*** Recorded information Section Begins ***

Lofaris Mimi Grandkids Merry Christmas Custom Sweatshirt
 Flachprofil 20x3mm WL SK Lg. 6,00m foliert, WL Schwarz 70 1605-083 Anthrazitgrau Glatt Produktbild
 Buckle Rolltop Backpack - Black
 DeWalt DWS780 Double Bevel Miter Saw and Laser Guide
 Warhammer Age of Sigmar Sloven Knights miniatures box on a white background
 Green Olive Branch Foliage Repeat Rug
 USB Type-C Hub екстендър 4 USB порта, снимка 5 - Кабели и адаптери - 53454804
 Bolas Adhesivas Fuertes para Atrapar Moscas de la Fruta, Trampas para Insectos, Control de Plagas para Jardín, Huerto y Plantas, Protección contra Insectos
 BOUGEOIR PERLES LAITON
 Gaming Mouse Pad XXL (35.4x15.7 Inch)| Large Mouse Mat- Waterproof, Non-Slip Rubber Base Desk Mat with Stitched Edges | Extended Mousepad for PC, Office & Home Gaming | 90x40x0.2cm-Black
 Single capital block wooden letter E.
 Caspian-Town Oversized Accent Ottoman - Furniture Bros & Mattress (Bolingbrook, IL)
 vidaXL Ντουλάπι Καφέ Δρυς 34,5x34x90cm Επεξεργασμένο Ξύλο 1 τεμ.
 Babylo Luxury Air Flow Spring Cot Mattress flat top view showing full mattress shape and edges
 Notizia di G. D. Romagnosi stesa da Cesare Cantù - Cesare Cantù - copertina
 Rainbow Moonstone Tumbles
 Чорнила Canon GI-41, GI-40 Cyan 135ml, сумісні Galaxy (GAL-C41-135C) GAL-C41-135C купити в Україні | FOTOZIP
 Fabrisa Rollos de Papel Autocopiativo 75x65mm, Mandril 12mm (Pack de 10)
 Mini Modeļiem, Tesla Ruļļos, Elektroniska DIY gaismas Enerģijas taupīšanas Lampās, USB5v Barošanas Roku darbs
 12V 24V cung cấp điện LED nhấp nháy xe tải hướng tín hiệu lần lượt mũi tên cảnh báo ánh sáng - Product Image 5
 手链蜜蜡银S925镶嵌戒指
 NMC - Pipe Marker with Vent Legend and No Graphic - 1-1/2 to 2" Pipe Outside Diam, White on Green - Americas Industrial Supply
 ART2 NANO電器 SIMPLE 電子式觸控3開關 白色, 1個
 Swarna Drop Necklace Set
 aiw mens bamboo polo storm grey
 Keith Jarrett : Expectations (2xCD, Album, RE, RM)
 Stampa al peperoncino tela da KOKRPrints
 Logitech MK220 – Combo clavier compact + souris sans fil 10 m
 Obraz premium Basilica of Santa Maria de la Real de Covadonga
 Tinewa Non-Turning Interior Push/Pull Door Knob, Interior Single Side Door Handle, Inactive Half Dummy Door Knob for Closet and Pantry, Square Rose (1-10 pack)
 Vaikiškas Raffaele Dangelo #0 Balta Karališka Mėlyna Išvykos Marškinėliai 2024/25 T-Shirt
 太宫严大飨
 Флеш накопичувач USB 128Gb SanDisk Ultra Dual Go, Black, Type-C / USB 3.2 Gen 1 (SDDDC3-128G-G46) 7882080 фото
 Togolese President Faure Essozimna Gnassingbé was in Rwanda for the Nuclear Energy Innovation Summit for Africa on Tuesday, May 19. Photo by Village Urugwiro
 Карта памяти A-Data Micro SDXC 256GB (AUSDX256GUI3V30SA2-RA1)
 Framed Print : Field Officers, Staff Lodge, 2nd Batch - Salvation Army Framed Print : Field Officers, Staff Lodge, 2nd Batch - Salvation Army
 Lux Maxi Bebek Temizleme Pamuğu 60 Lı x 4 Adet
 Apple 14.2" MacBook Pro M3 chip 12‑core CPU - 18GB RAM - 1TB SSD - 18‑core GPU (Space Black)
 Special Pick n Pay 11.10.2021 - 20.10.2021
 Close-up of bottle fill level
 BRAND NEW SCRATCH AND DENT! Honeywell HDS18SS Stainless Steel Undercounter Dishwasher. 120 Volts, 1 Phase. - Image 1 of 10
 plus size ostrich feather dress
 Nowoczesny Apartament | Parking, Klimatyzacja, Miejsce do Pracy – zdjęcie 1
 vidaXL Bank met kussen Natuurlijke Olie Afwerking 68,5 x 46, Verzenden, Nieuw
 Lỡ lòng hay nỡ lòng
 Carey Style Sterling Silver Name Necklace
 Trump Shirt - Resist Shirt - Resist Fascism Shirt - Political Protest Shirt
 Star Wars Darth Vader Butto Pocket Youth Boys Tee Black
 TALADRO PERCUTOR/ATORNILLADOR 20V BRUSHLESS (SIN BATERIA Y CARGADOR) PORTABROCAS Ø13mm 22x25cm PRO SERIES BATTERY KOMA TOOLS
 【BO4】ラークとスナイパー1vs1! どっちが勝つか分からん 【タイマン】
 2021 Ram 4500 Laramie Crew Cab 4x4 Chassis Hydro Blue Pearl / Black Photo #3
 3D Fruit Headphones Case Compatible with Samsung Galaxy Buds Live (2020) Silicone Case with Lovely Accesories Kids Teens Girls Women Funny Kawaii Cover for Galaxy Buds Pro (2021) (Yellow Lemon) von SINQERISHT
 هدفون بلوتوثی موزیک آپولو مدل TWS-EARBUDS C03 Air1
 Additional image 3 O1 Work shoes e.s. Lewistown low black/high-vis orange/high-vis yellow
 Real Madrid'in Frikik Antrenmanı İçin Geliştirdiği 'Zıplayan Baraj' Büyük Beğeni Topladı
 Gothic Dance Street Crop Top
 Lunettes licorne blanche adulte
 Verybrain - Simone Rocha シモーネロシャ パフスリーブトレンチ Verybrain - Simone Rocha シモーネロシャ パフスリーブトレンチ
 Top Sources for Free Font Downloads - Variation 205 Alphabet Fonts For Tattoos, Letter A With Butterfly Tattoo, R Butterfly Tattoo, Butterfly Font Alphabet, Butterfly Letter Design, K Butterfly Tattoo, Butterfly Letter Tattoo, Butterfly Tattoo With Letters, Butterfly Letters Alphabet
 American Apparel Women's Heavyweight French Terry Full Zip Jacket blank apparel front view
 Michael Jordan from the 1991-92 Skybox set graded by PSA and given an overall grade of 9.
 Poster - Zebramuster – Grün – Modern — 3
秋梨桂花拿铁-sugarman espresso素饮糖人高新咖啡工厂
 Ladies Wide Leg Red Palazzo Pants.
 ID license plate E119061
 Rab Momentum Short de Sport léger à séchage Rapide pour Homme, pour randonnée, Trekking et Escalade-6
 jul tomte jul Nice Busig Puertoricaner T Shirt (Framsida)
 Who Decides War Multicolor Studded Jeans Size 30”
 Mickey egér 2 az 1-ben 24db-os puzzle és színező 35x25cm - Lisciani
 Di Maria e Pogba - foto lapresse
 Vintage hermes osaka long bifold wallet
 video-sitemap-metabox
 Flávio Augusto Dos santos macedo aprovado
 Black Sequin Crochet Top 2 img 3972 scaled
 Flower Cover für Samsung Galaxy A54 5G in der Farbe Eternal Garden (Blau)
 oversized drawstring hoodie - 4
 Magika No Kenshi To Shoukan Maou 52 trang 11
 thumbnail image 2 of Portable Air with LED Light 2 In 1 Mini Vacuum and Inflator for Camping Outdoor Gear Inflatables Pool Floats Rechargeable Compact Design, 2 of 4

*** Recorded information Section Ends ***

Your response should consist of the records, printed exactly.

Lofaris Mimi Grandkids Merry Christmas Custom Sweatshirt
 Flachprofil 20x3mm WL SK Lg. 6,00m foliert, WL Schwarz 70 1605-083 Anthrazitgrau Glatt Produktbild
 Buckle Rolltop Backpack - Black
 DeWalt DWS780 Double Bevel Miter Saw and Laser Guide
 Warhammer Age of Sigmar Sloven Knights miniatures box on a white background
 Green Olive Branch Foliage Repeat Rug
 USB Type-C Hub екстендър 4 USB порта, снимка 5 - Кабели и адаптери - 53454804
 Bolas Adhesivas Fuertes para Atrapar Moscas de la Fruta, Trampas para Insectos, Control de Plagas para Jardín, Huerto y Plantas, Protección contra Insectos
 BOUGEOIR PERLES LAITON
 Gaming Mouse Pad XXL (35.4x15.7 Inch)| Large Mouse Mat- Waterproof, Non-Slip Rubber Base Desk Mat with Stitched Edges | Extended Mousepad for PC, Office & Home Gaming | 90x40x0.2cm-Black
 Single capital block wooden letter E.
 Caspian-Town Oversized Accent Ottoman - Furniture Bros & Mattress (Bolingbrook, IL)
 vidaXL Ντουλάπι Καφέ Δρυς 34,5x34x90cm Επεξεργασμένο Ξύλο 1 τεμ.
 Babylo Luxury Air Flow Spring Cot Mattress flat top view showing full mattress shape and edges
 Notizia di G. D. Romagnosi stesa da Cesare Cantù - Cesare Cantù - copertina
 Rainbow Moonstone Tumbles
 Чорнила Canon GI-41, GI-40 Cyan 135ml, сумісні Galaxy (GAL-C41-135C) GAL-C41-135C купити в Україні | FOTOZIP
 Fabrisa Rollos de Papel Autocopiativo 75x65mm, Mandril 12mm (Pack de 10)
 Mini Modeļiem, Tesla Ruļļos, Elektroniska DIY gaismas Enerģijas taupīšanas Lampās, USB5v Barošanas Roku darbs
 12V 24V cung cấp điện LED nhấp nháy xe tải hướng tín hiệu lần lượt mũi tên cảnh báo ánh sáng - Product Image 5
 手链蜜蜡银S925镶嵌戒指
 NMC - Pipe Marker with Vent Legend and No Graphic - 1-1/2 to 2" Pipe Outside Diam, White on Green - Americas Industrial Supply
 ART2 NANO電器 SIMPLE 電子式觸控3開關 白色, 1個
 Swarna Drop Necklace Set
 aiw mens bamboo polo storm grey
 Keith Jarrett : Expectations (2xCD, Album, RE, RM)
 Stampa al peperoncino tela da KOKRPrints
 Logitech MK220 – Combo clavier compact + souris sans fil 10 m
 Obraz premium Basilica of Santa Maria de la Real de Covadonga
 Tinewa Non-Turning Interior Push/Pull Door Knob, Interior Single Side Door Handle, Inactive Half Dummy Door Knob for Closet and Pantry, Square Rose (1-10 pack)
 Vaikiškas Raffaele Dangelo #0 Balta Karališka Mėlyna Išvykos Marškinėliai 2024/25 T-Shirt
 太宫严大飨
 Флеш накопичувач USB 128Gb SanDisk Ultra Dual Go, Black, Type-C / USB 3.2 Gen 1 (SDDDC3-128G-G46) 7882080 фото
 Togolese President Faure Essozimna Gnassingbé was in Rwanda for the Nuclear Energy Innovation Summit for Africa on Tuesday, May 19. Photo by Village Urugwiro
 Карта памяти A-Data Micro SDXC 256GB (AUSDX256GUI3V30SA2-RA1)
 Framed Print : Field Officers, Staff Lodge, 2nd Batch - Salvation Army Framed Print : Field Officers, Staff Lodge, 2nd Batch - Salvation Army
 Lux Maxi Bebek Temizleme Pamuğu 60 Lı x 4 Adet
 Apple 14.2" MacBook Pro M3 chip 12‑core CPU - 18GB RAM - 1TB SSD - 18‑core GPU (Space Black)
 Special Pick n Pay 11.10.2021 - 20.10.2021
 Close-up of bottle fill level
 BRAND NEW SCRATCH AND DENT! Honeywell HDS18SS Stainless Steel Undercounter Dishwasher. 120 Volts, 1 Phase. - Image 1 of 10
 plus size ostrich feather dress
 Nowoczesny Apartament | Parking, Klimatyzacja, Miejsce do Pracy – zdjęcie 1
 vidaXL Bank met kussen Natuurlijke Olie Afwerking 68,5 x 46, Verzenden, Nieuw
 Lỡ lòng hay nỡ lòng
 Carey Style Sterling Silver Name Necklace
 Trump Shirt - Resist Shirt - Resist Fascism Shirt - Political Protest Shirt
 Star Wars Darth Vader Butto Pocket Youth Boys Tee Black
 TALADRO PERCUTOR/ATORNILLADOR 20V BRUSHLESS (SIN BATERIA Y CARGADOR) PORTABROCAS Ø13mm 22x25cm PRO SERIES BATTERY KOMA TOOLS
 【BO4】ラークとスナイパー1vs1! どっちが勝つか分からん 【タイマン】
 2021 Ram 4500 Laramie Crew Cab 4x4 Chassis Hydro Blue Pearl / Black Photo #3
 3D Fruit Headphones Case Compatible with Samsung Galaxy Buds Live (2020) Silicone Case with Lovely Accesories Kids Teens Girls Women Funny Kawaii Cover for Galaxy Buds Pro (2021) (Yellow Lemon) von SINQERISHT
 هدفون بلوتوثی موزیک آپولو مدل TWS-EARBUDS C03 Air1
 Additional image 3 O1 Work shoes e.s. Lewistown low black/high-vis orange/high-vis yellow
 Real Madrid'in Frikik Antrenmanı İçin Geliştirdiği 'Zıplayan Baraj' Büyük Beğeni Topladı
 Gothic Dance Street Crop Top
 Lunettes licorne blanche adulte
 Verybrain - Simone Rocha シモーネロシャ パフスリーブトレンチ Verybrain - Simone Rocha シモーネロシャ パフスリーブトレンチ
 Top Sources for Free Font Downloads - Variation 205 Alphabet Fonts For Tattoos, Letter A With Butterfly Tattoo, R Butterfly Tattoo, Butterfly Font Alphabet, Butterfly Letter Design, K Butterfly Tattoo, Butterfly Letter Tattoo, Butterfly Tattoo With Letters, Butterfly Letters Alphabet
 American Apparel Women's Heavyweight French Terry Full Zip Jacket blank apparel front view
 Michael Jordan from the 1991-92 Skybox set graded by PSA and given an overall grade of 9.
 Poster - Zebramuster – Grün – Modern — 3
秋梨桂花拿铁-sugarman espresso素饮糖人高新咖啡工厂
 Ladies Wide Leg Red Palazzo Pants.
 ID license plate E119061
 Rab Momentum Short de Sport léger à séchage Rapide pour Homme, pour randonnée, Trekking et Escalade-6
 jul tomte jul Nice Busig Puertoricaner T Shirt (Framsida)
 Who Decides War Multicolor Studded Jeans Size 30”
 Mickey egér 2 az 1-ben 24db-os puzzle és színező 35x25cm - Lisciani
 Di Maria e Pogba - foto lapresse
 Vintage hermes osaka long bifold wallet
 video-sitemap-metabox
 Flávio Augusto Dos santos macedo aprovado
 Black Sequin Crochet Top 2 img 3972 scaled
 Flower Cover für Samsung Galaxy A54 5G in der Farbe Eternal Garden (Blau)
 oversized drawstring hoodie - 4
 Magika No Kenshi To Shoukan Maou 52 trang 11
 thumbnail image 2 of Portable Air with LED Light 2 In 1 Mini Vacuum and Inflator for Camping Outdoor Gear Inflatables Pool Floats Rechargeable Compact Design, 2 of 4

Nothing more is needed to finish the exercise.